I have made these a few times,  however decided to try a new recipe this time.  Braising the pork shoulder in Cream, Milk and Orange Juice with a medley of spices.  Then do the crisping in the oven at a really high temps while glazing with fat rendered from the braising.  There is a certain charm when you discover an old talent that you forgot about.   I have recently discovered this talent again.   Burning the blinking food.   About 3 minutes less at 500 F and I would have had perfections instead of semi-charred, but still edible and not too bad.  I should have followed my gut instinct when I took them out and they looked perfect but still threw them in the oven because the tortillas were not done.



Tortillas


Masa Harina and some water and bingo is his name or is that chihuahua is his game.  For the first time making these they turned out just how we wanted.  I do not have a Tortilla keeper so used a pot to keep them warm and used a lid so they don't dry out fast.  I still had this fear they would dry out however they did not and were soft and just right for the first time making these.


Blackened Ancho Shrimp



Here simplicity ruled again,  olive oil, ancho chile powder, and salt and Manta is the name of some killer shrimp.










Salsa


Two different types I did.  Avocado,  Tomatillos and Cilantro,  and  a Roasted Medley of Mini Heirloom Tomatoes.   Here is an example of a perfectly blackened tomatoes, onions and garlic for the salsa.  Thats exactly what I wanted.  Personally I liked the roasted salsa much more then the Avocado and Tomatillo salsa.   However it was a recommended salsa to go with the shrimp or seafood.   I think both Salsa's could go with chips quite nicely.

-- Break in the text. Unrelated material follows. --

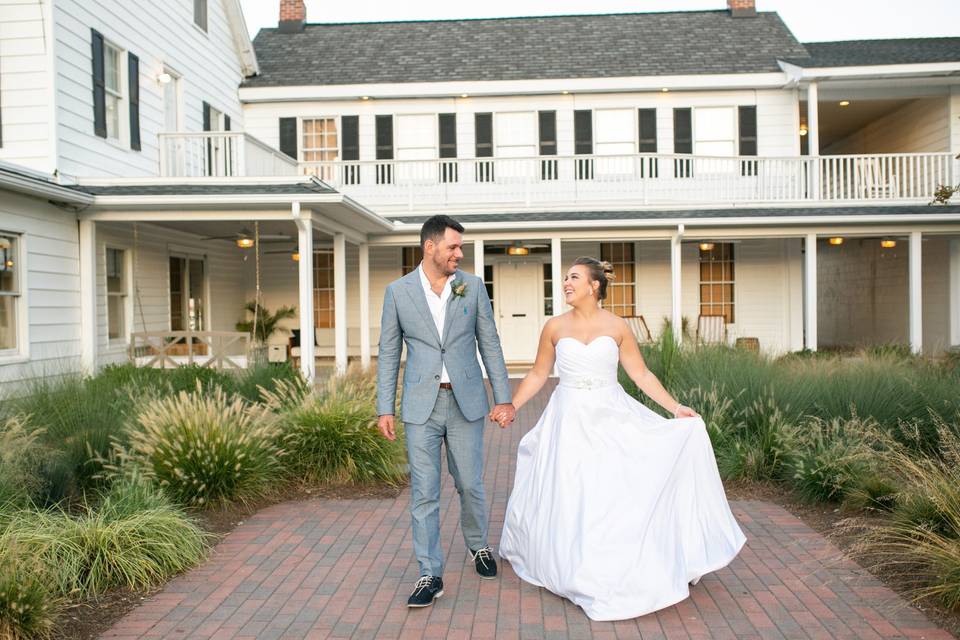 Liv and greg front of hotel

Avocado Lime Cheesecake Ice Cream Pie

There is only one word to describe such a creation YUM.




The green colour was just lovely the texture smooth and refined with a lime twist.  Really a nice luxurious dessert that is going in the keeper list for special occasions.

Now back to the wine the Mexican wine.   The wine that would make a frenchman snicker at 'le vin de Mexico'.  Well folks this wine was nothing to snicker or turn your back on.  It was pleasant and nicely bodied with a really good taste and mouth feel.  It did not feel loose but really well rounded.

Thinking about this dessert I think I shall run down and get a slice.  Some things you just can't resist. I hate the Tortilla heading not aligning itself to the side like it should and have just wasted 20 minutes trying to make it do so even though on the preview it does !!